Vintage image of Christian Union Church

Maybe Portsmouth welcomes women preachers and pastors because Anne Hutchinson is part of our heritage.  I knew that Julia Ward Howe had “supplied the pulpit” at the Christian Union Church (now the headquarters for the Portsmouth Historical Society). As I went through church records I was surprised that in the 1870s the church welcomed a woman preacher who did more than guest preach.  Rev. Ellen Gustin was an evangelist who had more of a pastoral role in a time when the congregation had lost a strong pastor.

Ellen led a long and productive life.  When she died at age ninety in 1924, the New York Times carried an obituary that claimed she was the third woman in America to be ordained in the ministry.  She was born in Frankfort, Maine and delivered her first sermon in a school house at the age of eleven.  She toured as an evangelist before she joined the Christian denomination.  The Christian Union Church in Portsmouth was part of this loosely connected group.  Anti-slavery leader Stephen Hopkins was one of the originators of the Rhode Island Christian Church.  The church was progressive and offered a welcome to everyone and sought to work for peace and justice.  Ellen Gustin worked as President of the Women’s Board of Foreign Missions – part of the national organization of the denomination.

From Church Records, George Manchester Clerk

Rev. Gustin supplied the pulpit and served unofficially as a co-pastor from 1872 to 1878.  Church records show no concerns about a woman taking on such a leading role in the congregation.  Ellen was a friend of Julia Ward Howe and shared her work in the Suffrage movement.  In 1872 the Executive Board of the church voted to allow a lecture on suffrage at the church.  Ellen spoke at major meetings of the Woman Suffrage Association in New England.

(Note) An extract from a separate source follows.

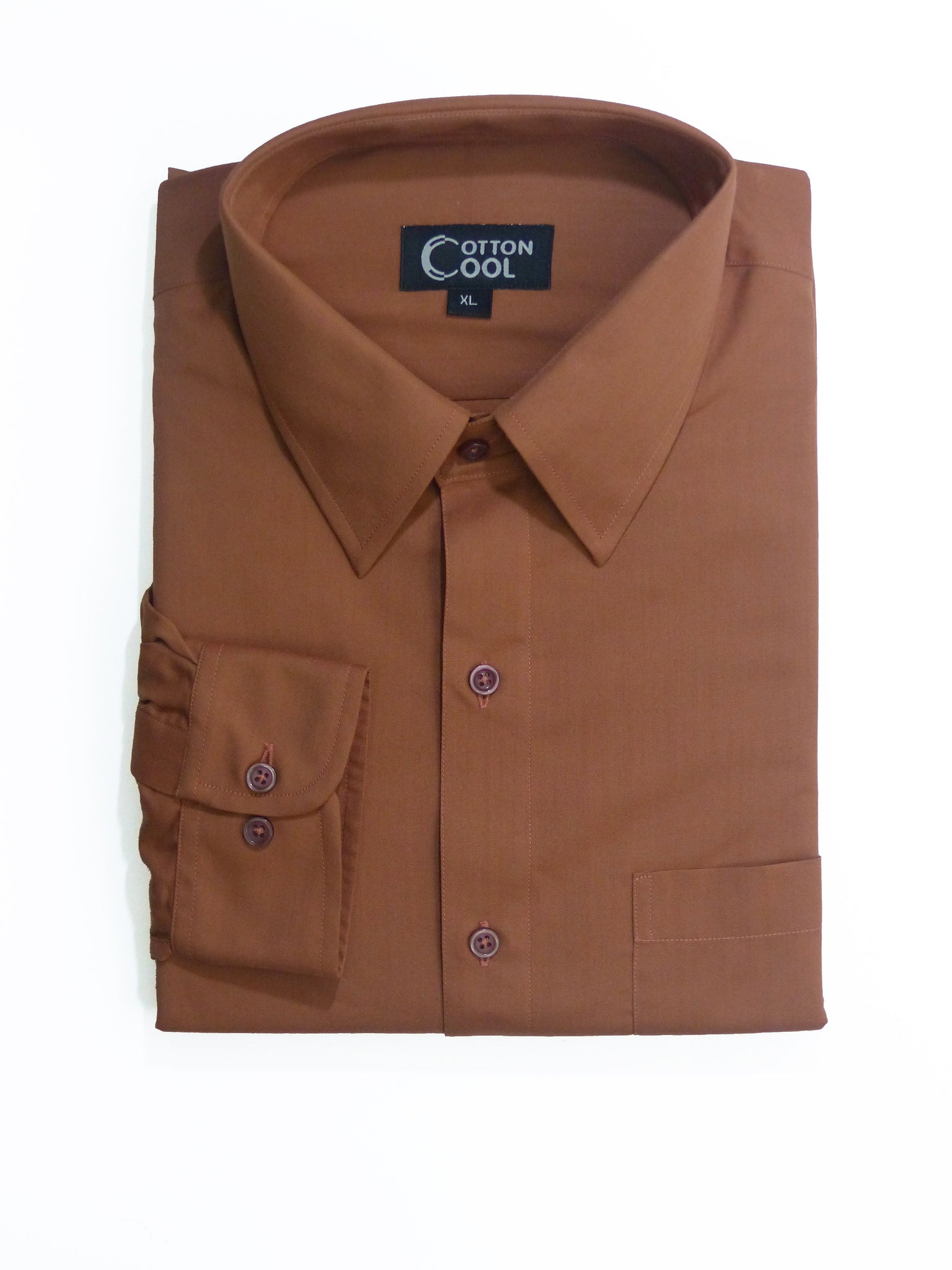 Slim Fit Point Collar Long Sleeve Shirt, Classic II Solid - Bronze Cotton Cool Slim Fit Point Collar Long Sleeve Shirt, Classic II Solid - Bronze Cotton Cool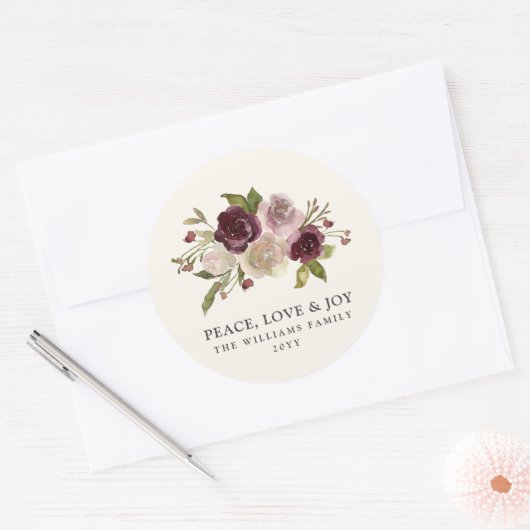 Peace Love Joy Winter Bouquet Ronde Sticker (Envelop)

Julia was even a little jealous of Ellen’s abilities.  Sunday, September 29, 1872, Julia writes:

“Reverend Mrs. Gustine to dine.  I afterwards to church to hear her.  A sweet woman, called of God, with a real power.  Her voice, manner, and countenance, most sweet and impressive.  Intellection not remarkable, I think, but tone, feeling and effect very remarkable.  No one, I think, would doubt the reality of spiritual things after hearing her.  I asked myself why I am not jealous of her, as she preaches far more effectively than I do.  Well, partly because I believe in my own gift, such as it is, and partly because what she does is natural, genuine, and without pretense or pretentious.  Her present Society was much disturbed by strife when she was called to its care.  No man, she told me, could have united the opposing parties.  A true woman could.  This shows me a work that women have to do in the Church as well as elsewhere.  Where men cannot make peace, they can.  Mrs. Gustine says that by my writings and example I have helped her a good deal. I am glad to hear this, but pray to do far better than I have yet done…Thought much about Mrs. Gustine, who, without any of my training and culture can do what I cannot.  I can also do what she cannot – think a subject out. She can only shadow and suggest, yet how powerful is the contact of her soul, and what a good power!”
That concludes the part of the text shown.